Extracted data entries

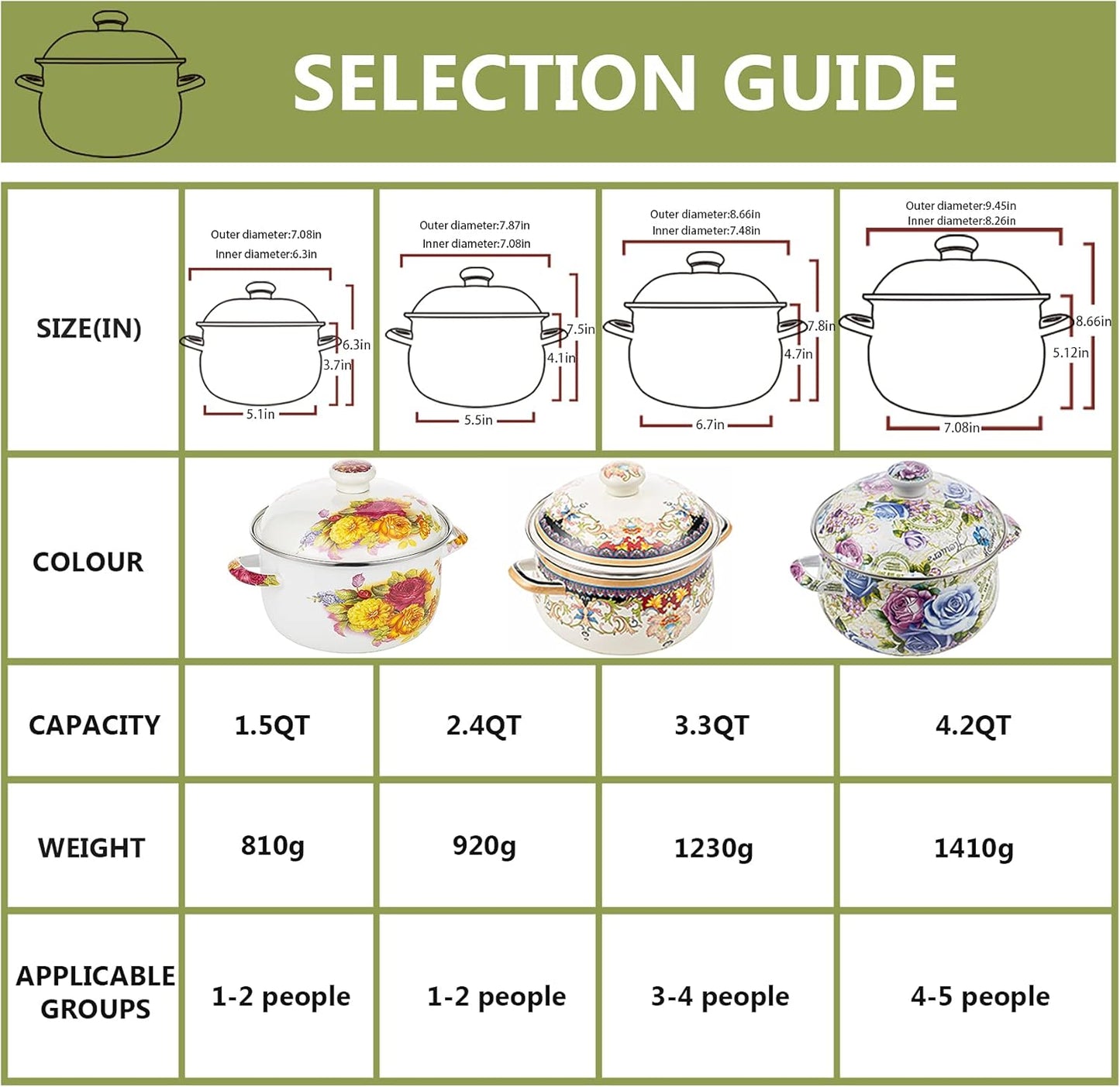 Retro Flower Enamel Stockpot with Lid,Stockpots for Cooking (Rose pink -3QT)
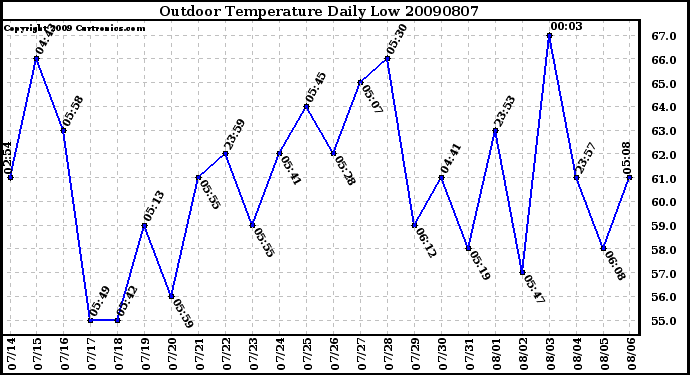 Milwaukee Weather Outdoor Temperature Daily Low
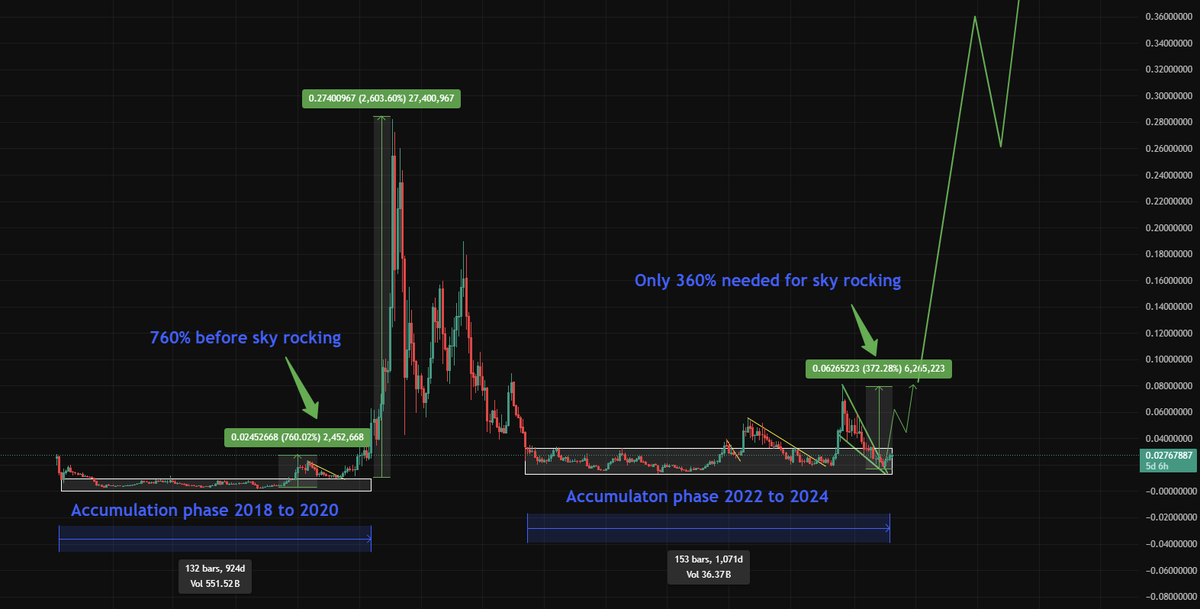 cryptoking_nl's tweet image. $Vet Accumulation phase: 2018–2020 and again from 2022–2024. (See picture)
If this monster wakes up, it will fly 🚀🚀.

In 2020, it made a 760% move from the bottom to break out of the accumulation phase, then took off with a 1,300% gain.
Now it has broken out and needs a 355%…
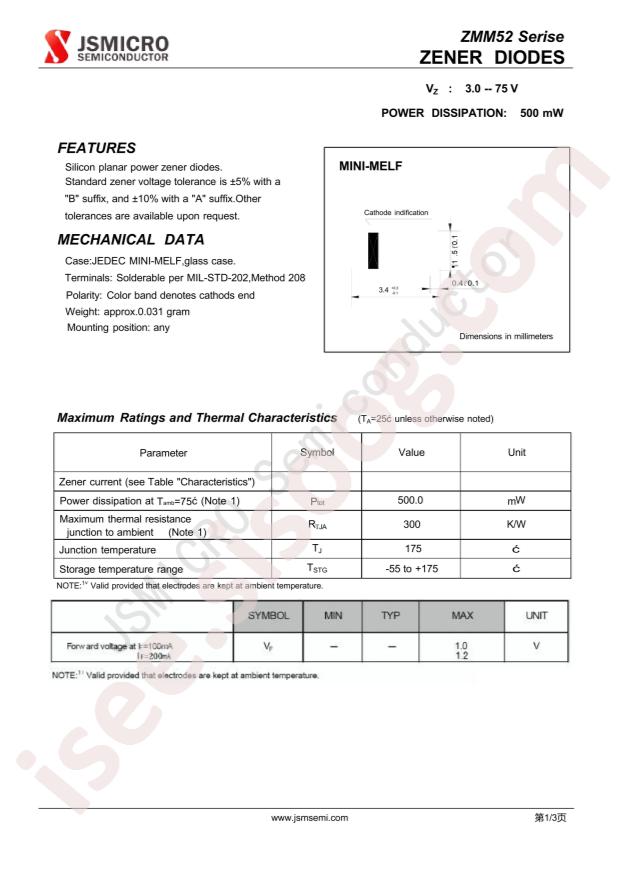 ZMM5232B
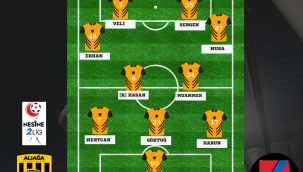 ALİAĞA FK'DAN MAÇ ÖNCESİ KADRO AÇIKLAMASI!
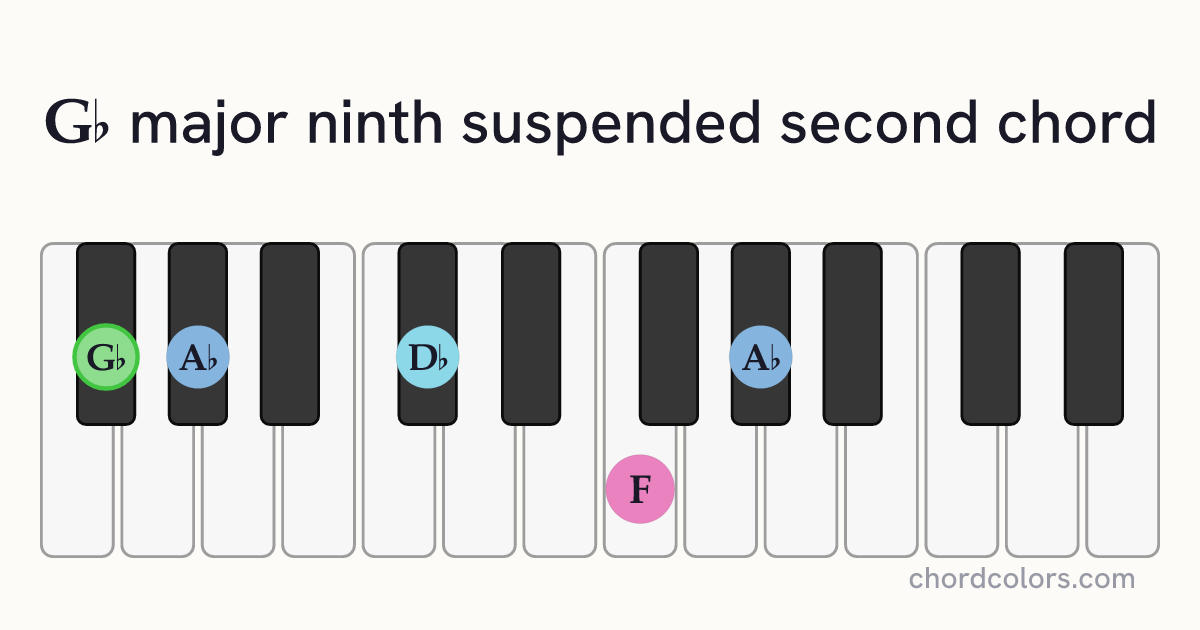 G♭maj9sus2 chord on piano shown as colored note dots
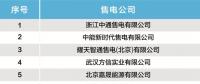 北京電力交易中心發(fā)布售電公司注冊(cè)公示公告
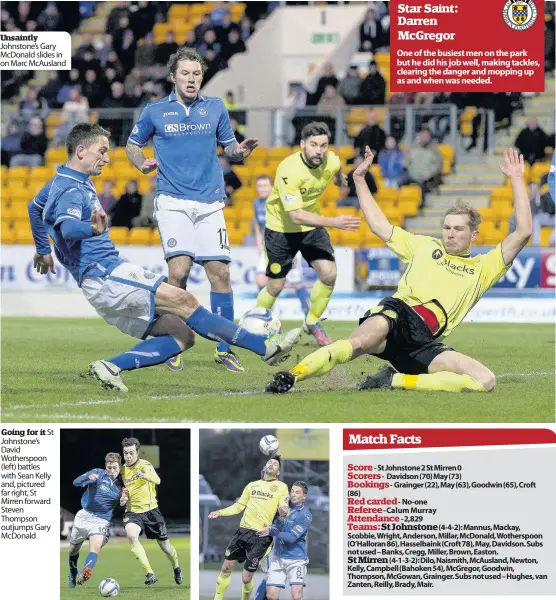  ??  ?? Unsaintly Johnstone’s Gary McDonald slides in on Marc McAusland
Going for it St Johnstone’s David Wotherspoo­n (left) battles with Sean Kelly and, pictured far right, St Mirren forward Steven Thompson outjumps Gary McDonald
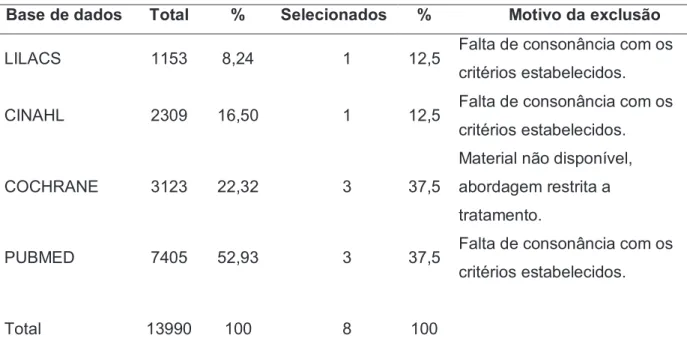 Tabela  1  -  Distribuição  dos  artigos  segundo  as  bases  de  dados  utilizadas,  Fortaleza, 2010
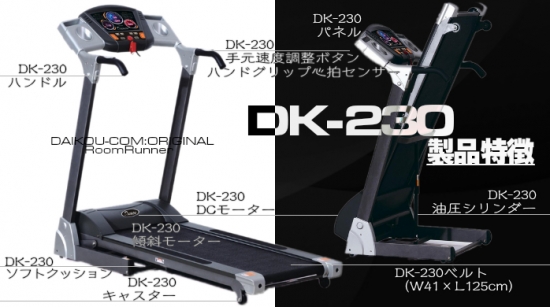 DK-230(電動角度調整付ルームランナー)なら ランニングマシン開発 
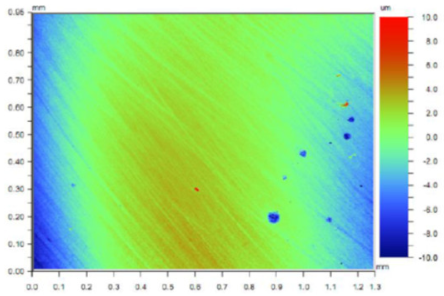 Coatings 11 00705 i012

→ **TASK BRIEF**: Exactly the lines from the one that contains "Going for it" through the final line of the records above are needed, given again word for word, with every picture left out.

→ **RESPONSE BOX**:
Going for it St Johnstone’s David Wotherspoo­n (left) battles with Sean Kelly and, pictured far right, St Mirren forward Steven Thompson outjumps Gary McDonald
 Tabela  1  -  Distribuição  dos  artigos  segundo  as  bases  de  dados  utilizadas,  Fortaleza, 2010
 DK-230(電動角度調整付ルームランナー)なら ランニングマシン開発 
 Coatings 11 00705 i012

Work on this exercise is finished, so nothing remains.